- IATA: none; ICAO: none; FAA LID: 4MO;

Summary
- Airport type: Private
- Owner: Howard Wehrman
- Serves: Montgomery City, Missouri
- Elevation AMSL: 778 ft / 237 m
- Coordinates: 39°00′46″N 091°25′10″W﻿ / ﻿39.01278°N 91.41944°W
- Interactive map of Montgomery-Wehrman Airport

Runways
| Direction | Length |  | Surface |
| ft | m |
| 3/21 | 2,360 | 719 | Turf/gravel |

Statistics (2010)
- Aircraft operations: 990
- Based aircraft: 5
- Sources: FAA, Missouri DOT

= Montgomery-Wehrman Airport =

Montgomery-Wehrman Airport is a privately owned airport located four nautical miles (5 mi, 7 km) northeast of the central business district of Montgomery City, in Montgomery County, Missouri, United States.

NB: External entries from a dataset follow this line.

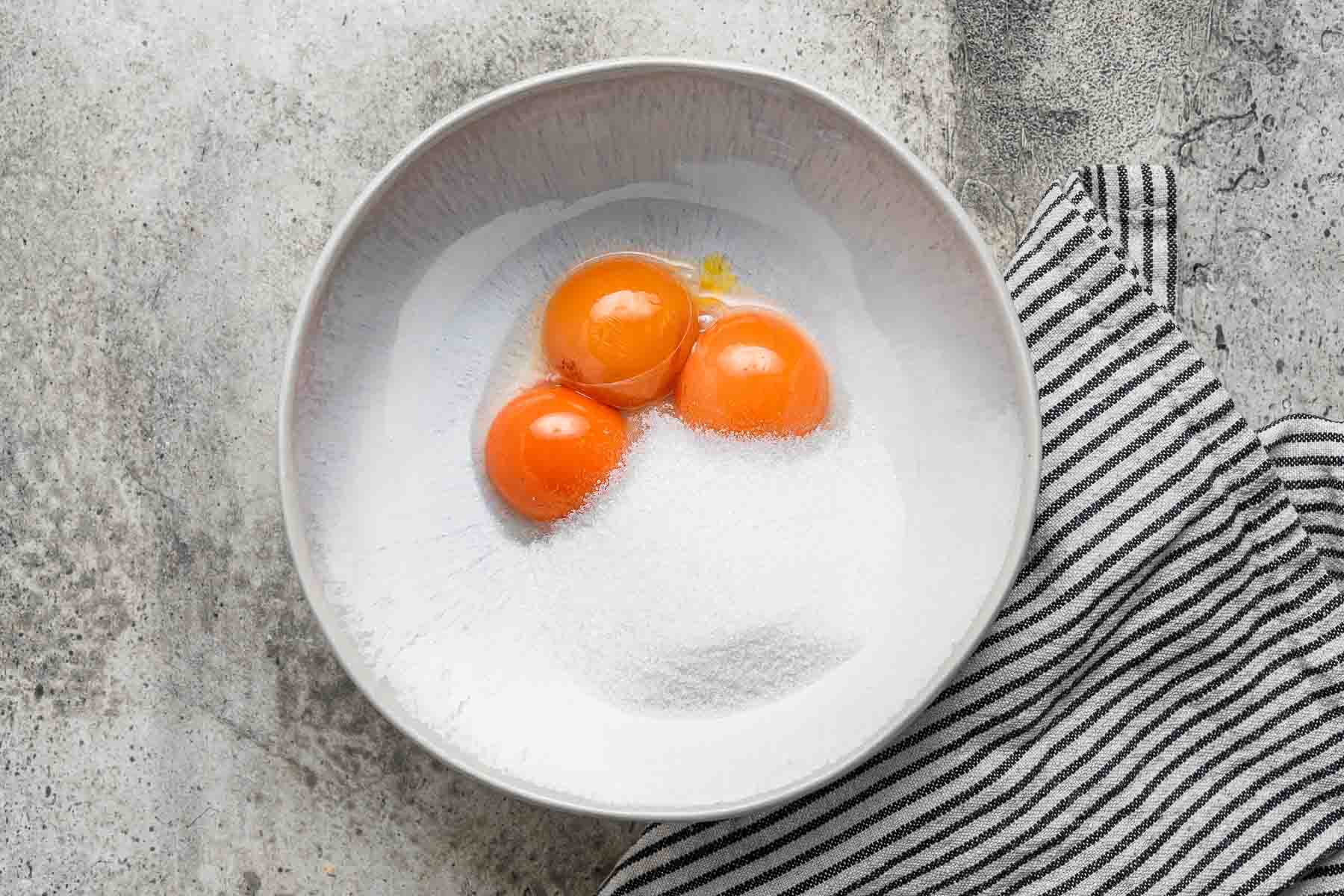 Egg yolks and sugar in shallow bowl.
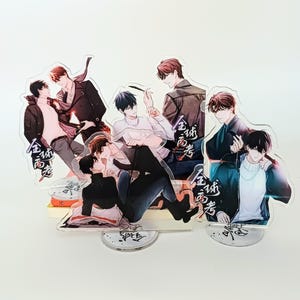 Peut inclure: Présentoirs en acrylique avec des illustrations de style anime de personnages masculins dans diverses poses. Les personnages sont représentés dans différentes tenues, décontractées ou formelles. Les présentoirs ont des bases transparentes et du texte chinois.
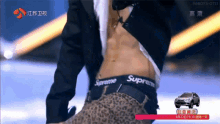 a man 's torso is shown with a supreme waistband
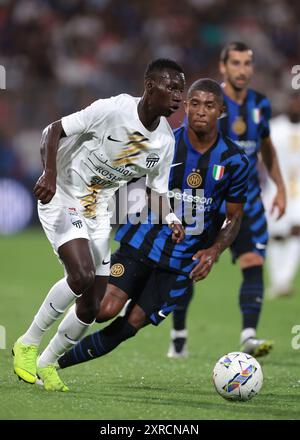 Monza, Italy. 7th Aug, 2024. Marwan Al-Sahafi of Al-Ittihad is pursued by Eddie Salcedo of FC Internazionale during the Pre Season Friendly match at U-Power Stadium, Monza. Picture credit should read: Jonathan Moscrop/Sportimage Credit: Sportimage Ltd/Alamy Live News Stock Photo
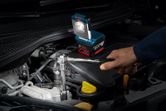 一名工人用扳手修理汽车发动机，旁边还有无绳工作灯。.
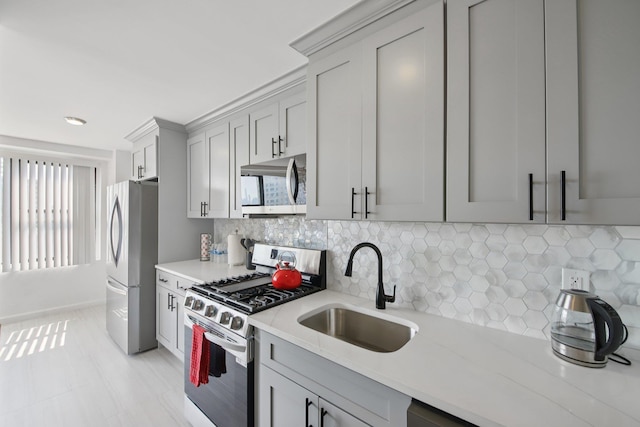 10 Huron Ave Unit 11D, Jersey City, NJ 07306 - kitchen with stainless steel appliances, gray cabinets, decorative backsplash, and light stone countertops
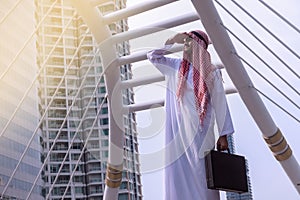 Confident Arabian Businessman standing and looking at city background for vision concept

== Facilities and aircraft ==
Montgomery-Wehrman Airport covers an area of 11 acres (4 ha) at an elevation of 778 feet (237 m) above mean sea level. It has one runway designated 3/21 with a turf and gravel surface measuring 2,360 by 75 feet (719 x 23 m).

For the 12-month period ending January 31, 2010, the airport had 990 aircraft operations, an average of 82 per month: 93% general aviation and 7% air taxi. At that time there were five aircraft based at this airport, all single-engine.